Each line from the one containing "Marin Sienna Pink" through the last line of the data below should be printed exactly, please, with any pictures omitted.

◆ Supplied data ◆
•••••

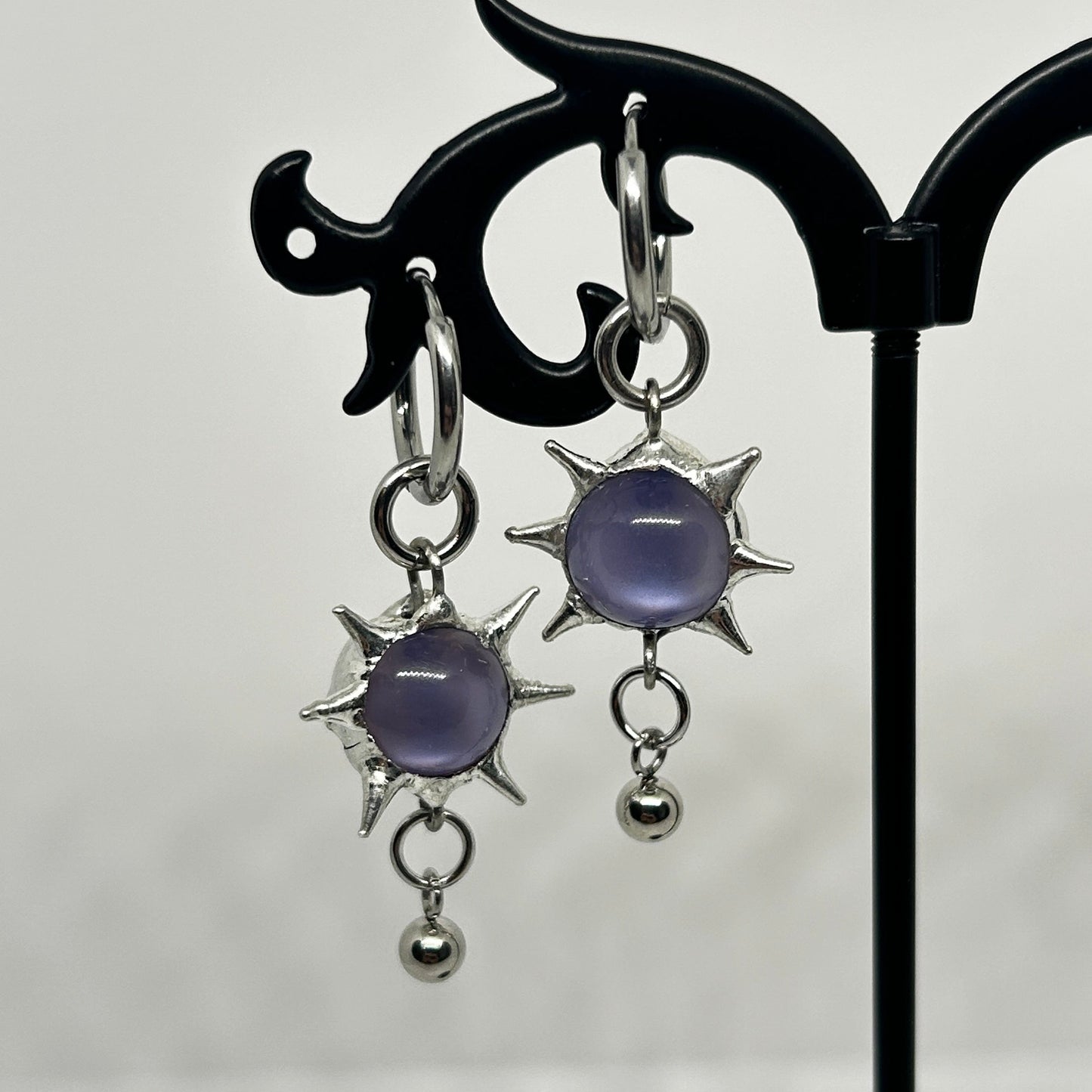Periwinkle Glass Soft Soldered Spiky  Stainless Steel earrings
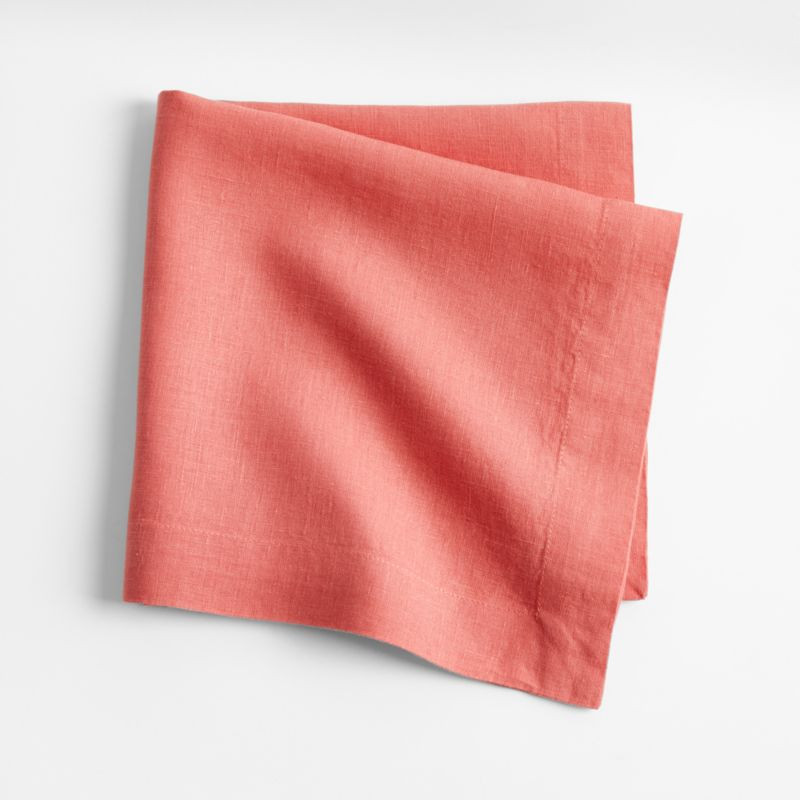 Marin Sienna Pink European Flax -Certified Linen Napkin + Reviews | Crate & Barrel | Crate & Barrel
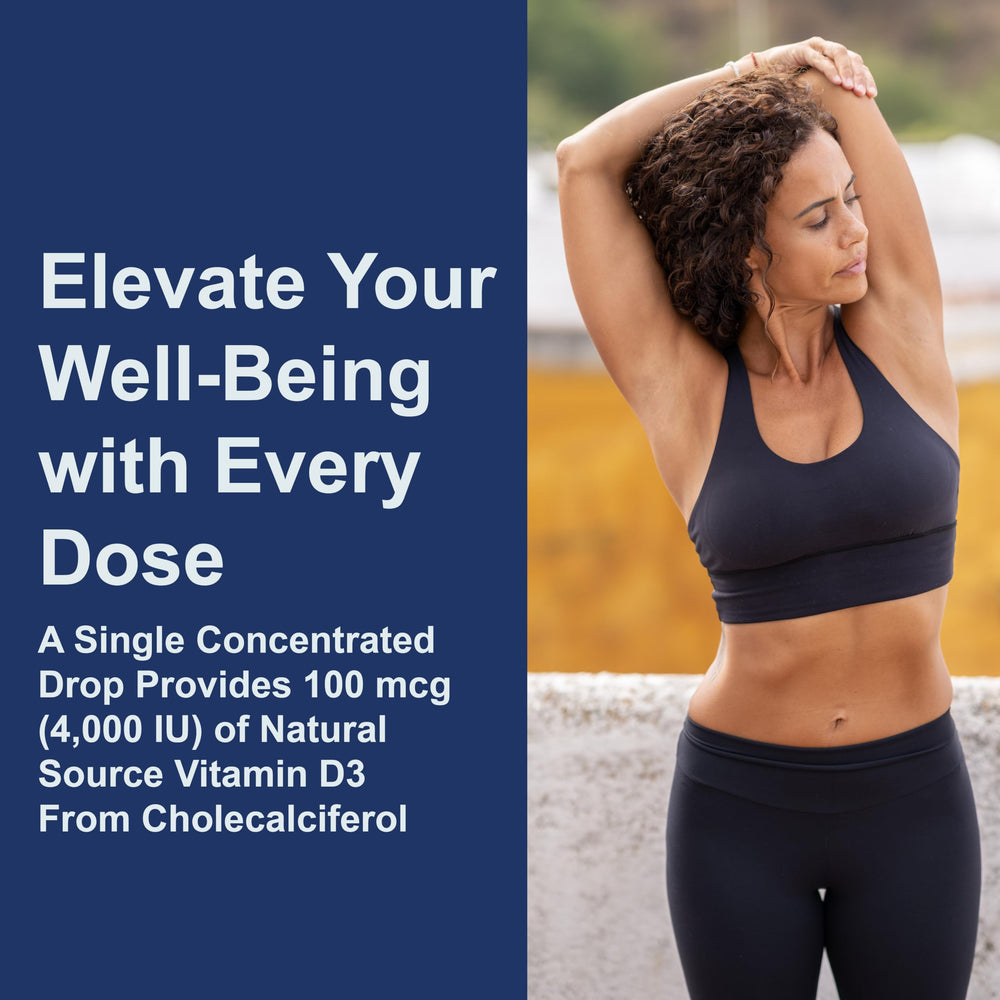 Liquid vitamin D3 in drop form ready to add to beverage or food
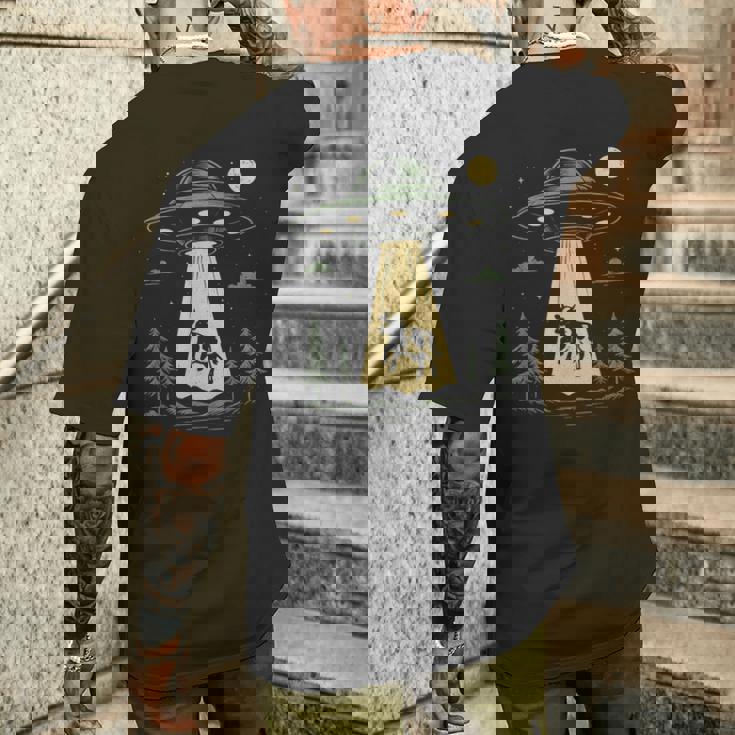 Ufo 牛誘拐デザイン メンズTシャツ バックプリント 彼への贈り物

•••••

◆ Task answer ◆
 Marin Sienna Pink European Flax -Certified Linen Napkin + Reviews | Crate & Barrel | Crate & Barrel
 Liquid vitamin D3 in drop form ready to add to beverage or food
 Ufo 牛誘拐デザイン メンズTシャツ バックプリント 彼への贈り物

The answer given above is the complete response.